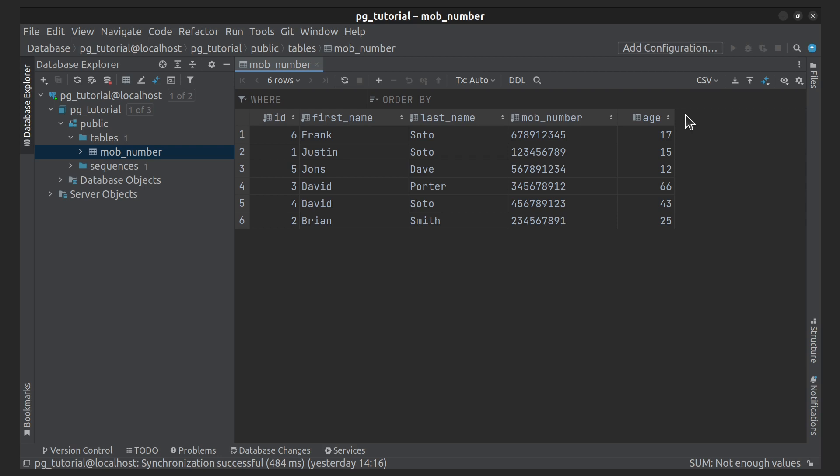For example, aggregate functions include calculating the number of rows, sum calculation, average calculation, maximum and minimum calculation and so on.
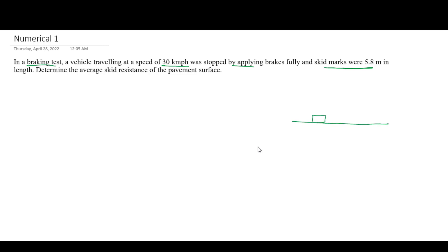Initial velocity is given. The skid mark distance is 5.8 meters. The vehicle brakes to a stop. We want to find the skid resistance. Skid resistance is the key value we need to calculate from this braking problem.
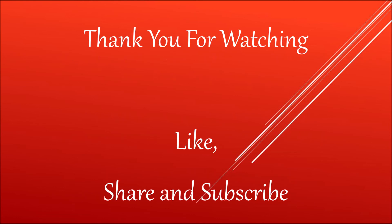Please like, share, and subscribe to my channel. Thank you so much for watching.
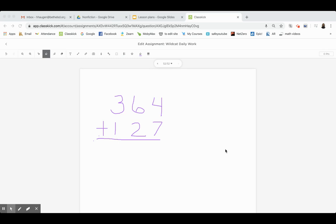Hi everybody, it's Mrs. Haugen. I'm going to do a quick review problem for three-digit addition, so follow along if you need.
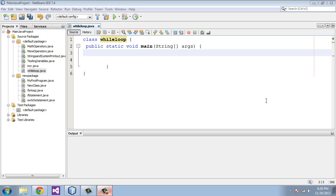Welcome to the tenth tutorial on Beginning Java. In this tutorial we will be dealing with the while loop.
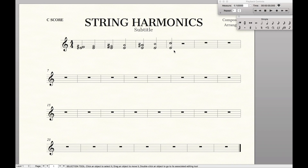So that's it — that's how you create string harmonics in Finale, both natural and artificial harmonics. If you found this at all helpful, make sure you like and subscribe to stay up to date with all the Finale tips and tricks.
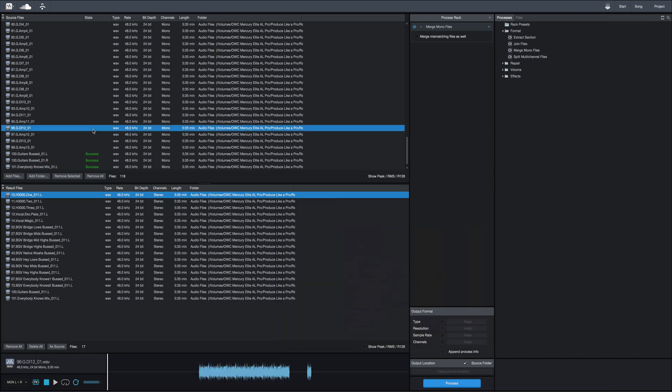So there it is — a real quick and easy way of dealing with multiple mono files to be able to process them easier when you're mixing. If you have any questions or comments, let me know down below. Don't forget to subscribe if you haven't done so already, and I'll see you in the next one.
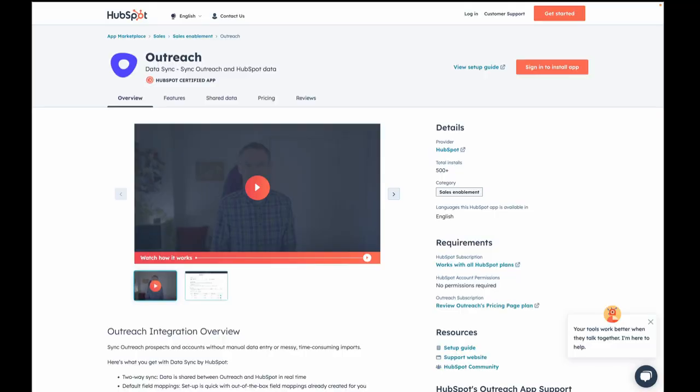Hey friends, we've got lots of exciting things happening with DataSync. So check this out. Here I am on the integration page for Outreach in the app marketplace.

= = = =

● **What the exercise asks**: Each entry above should be copied exactly. The pictures should not.

● **Finished task**:
For example, aggregate functions include calculating the number of rows, sum calculation, average calculation, maximum and minimum calculation and so on.
Initial velocity is given. The skid mark distance is 5.8 meters. The vehicle brakes to a stop. We want to find the skid resistance. Skid resistance is the key value we need to calculate from this braking problem.
Please like, share, and subscribe to my channel. Thank you so much for watching.
Hi everybody, it's Mrs. Haugen. I'm going to do a quick review problem for three-digit addition, so follow along if you need.
Welcome to the tenth tutorial on Beginning Java. In this tutorial we will be dealing with the while loop.
So that's it — that's how you create string harmonics in Finale, both natural and artificial harmonics. If you found this at all helpful, make sure you like and subscribe to stay up to date with all the Finale tips and tricks.
So there it is — a real quick and easy way of dealing with multiple mono files to be able to process them easier when you're mixing. If you have any questions or comments, let me know down below. Don't forget to subscribe if you haven't done so already, and I'll see you in the next one.
Hey friends, we've got lots of exciting things happening with DataSync. So check this out. Here I am on the integration page for Outreach in the app marketplace.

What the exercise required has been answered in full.